Dans la proclamation, largement diffusée sur internet, de la création de «l'État islamique», le porte-parole d'EIIL Abou Mohammad al-Adnani a été clair: il a annoncé que s'ouvrait «une ère nouvelle pour le djihad international». Il a déclaré: «Nous précisons à tous les musulmans qu'avec la déclaration du califat, il leur est désormais obligatoire de prêter allégeance au calife Ibrahim et de le soutenir. La légalité de tous les émirats, groupes, États et organisations devient nulle au moment de l'expansion du califat et de l'arrivée de ses troupes dans leurs territoires».

Un appel auquel un premier groupe d'insurgés islamistes en Syrie, Jeish al-Sahaba («l'armée des compagnons»), a immédiatement répondu. Il a publié le jour même sur son compte Twitter un communiqué annonçant sa dissolution et son intégration au sein des forces du nouveau calife.

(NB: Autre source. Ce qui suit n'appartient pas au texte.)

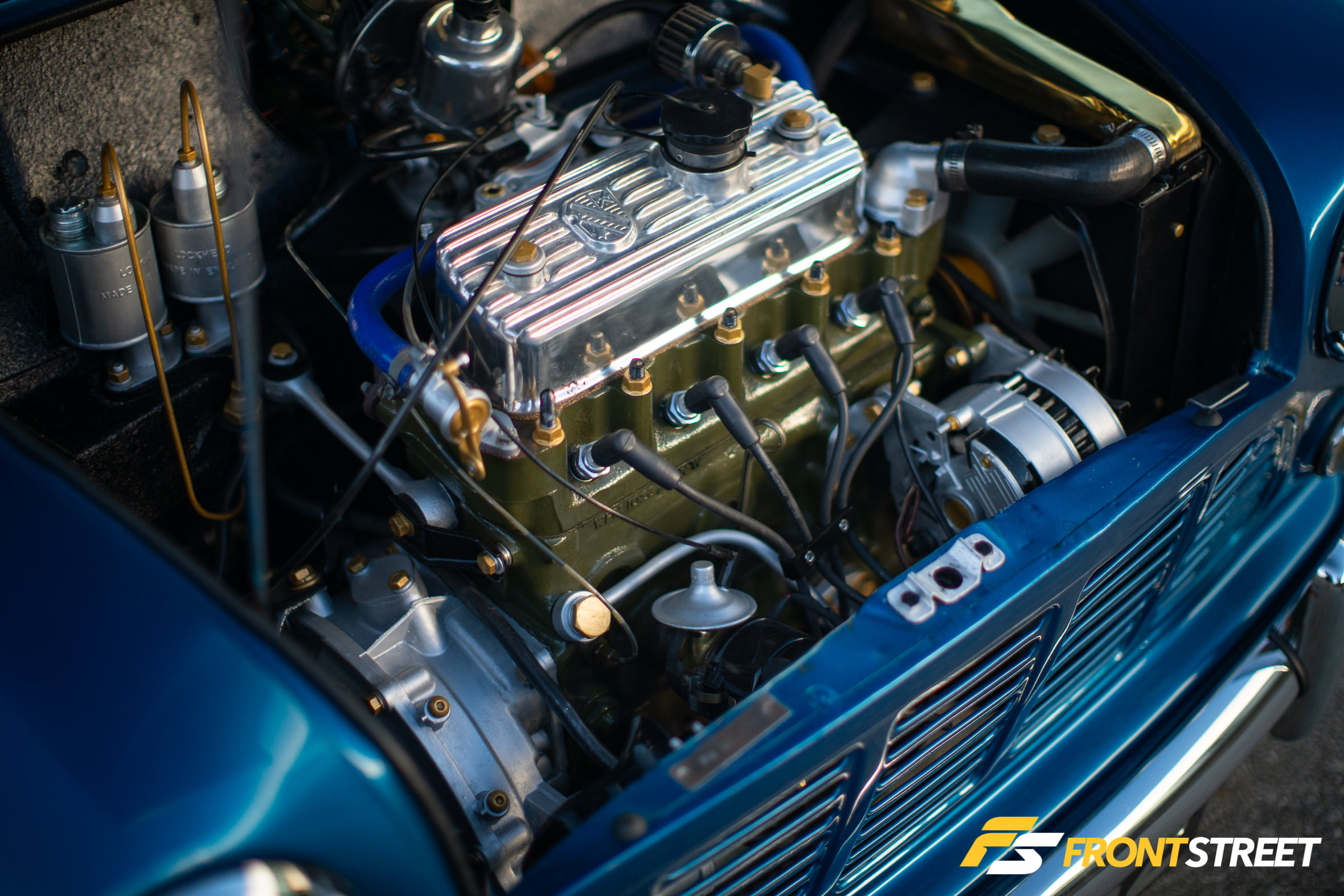 1962 Austin Mini Truck by Ricky Ngo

Dans une analyse transmise par courriel, le chercheur Charles Lister, du groupe de réflexion Brookings Doha, écrit: «Pour dire les choses simplement, Abou Bakr al-Baghdadi a déclaré la guerre à Al Qaïda. Même s'il est inévitable que des membres éminents d'Al Qaïda et leurs partisans vont rapidement dénoncer Al-Baghdadi et sa proclamation, à long terme les répercussions seront significatives».

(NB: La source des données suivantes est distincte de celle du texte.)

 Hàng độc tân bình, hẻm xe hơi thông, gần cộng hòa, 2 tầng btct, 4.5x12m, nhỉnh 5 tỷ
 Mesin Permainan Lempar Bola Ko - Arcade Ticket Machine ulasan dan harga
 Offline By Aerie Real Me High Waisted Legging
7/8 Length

«La jeune génération de djihadistes soutient de plus en plus l'EIIL, essentiellement à cause de sa capacité prouvée à obtenir des résultats rapides par sa brutalité», assure-t-il. «La prise récente de Mossoul et ses autres gains en Irak a déjà augmenté de façon dramatique le potentiel de recrutement de l'EIIL», selon lui.

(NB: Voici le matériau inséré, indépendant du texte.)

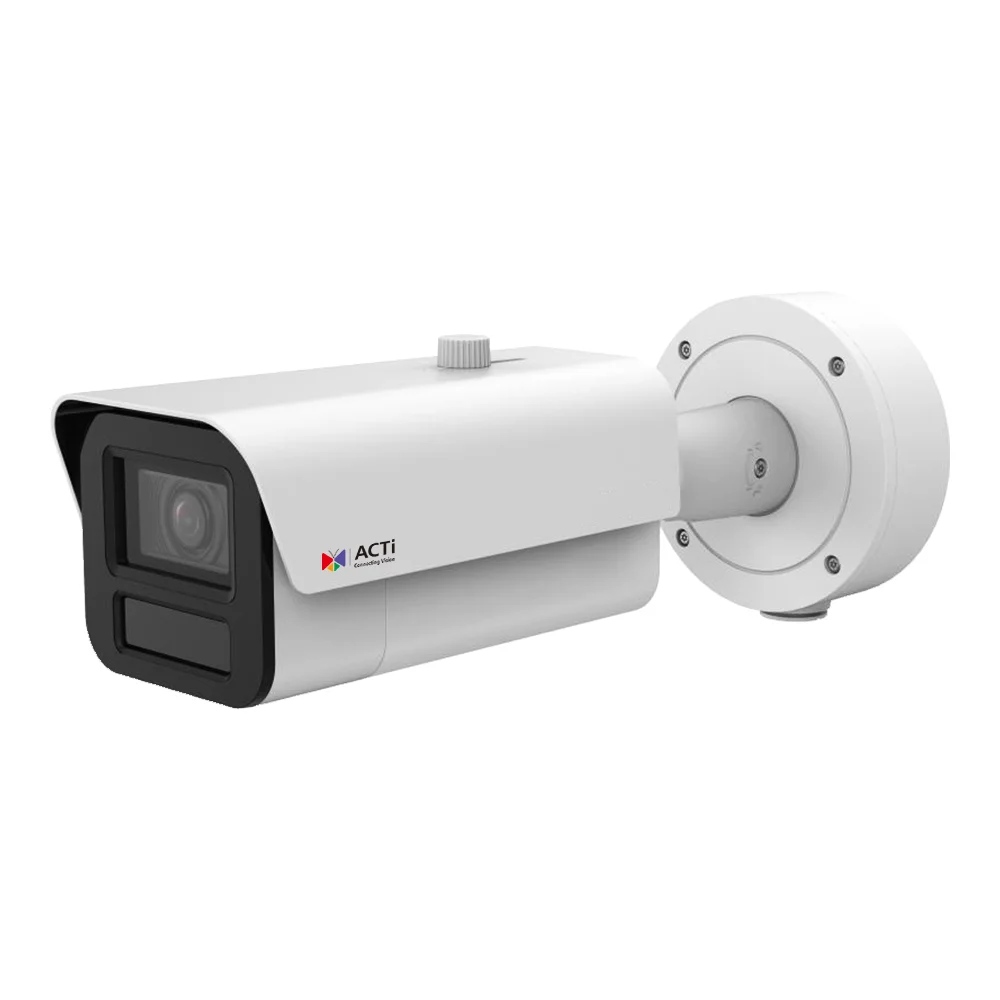 ACTi A429 4MP Deep Learning AI LightGuard 4.3x Zoom Bullet with IR LED 60m, WDR 150dB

Il est probable que les autres mouvements affiliés à Al Qaïda, et dont les chefs ont fait allégeance à Al-Zawahiri, vont, au moins dans un premier temps, rester fidèles à leur serment. Mais si le calife Ibrahim parvient à assoir son pouvoir, dans les territoires qu'il a conquis à cheval entre la Syrie et l'Irak, et à repousser la contre-attaque de Bagdad, soutenue par les forces chiites et les États-Unis, son prestige sera tel que les ralliements pourraient se multiplier, estiment les experts.

«Dans sa proclamation, l'État islamique a clairement fait savoir qu'il considèrerait tout groupe qui refuserait de lui prêter allégeance comme un ennemi de l'islam», ajoute Charles Lister.

Dans les zones tenues par les rebelles en Syrie, les affrontements entre l'EIIL et d'autres groupes radicaux contestant son pouvoir ont fait, au cours des derniers mois, des milliers de victimes.

Pour Anour al-Eshki, directeur de l'Institut d'études stratégiques de Jeddah (Arabie Saoudite), ce n'est qu'une question de temps. «Daesh (acronyme de l'EIIL en arabe) entrera en compétition avec Al Qaïda. Il est comme le Pacman (petit personnage glouton de jeux vidéos): il dévore tous les groupes terroristes sur son passage».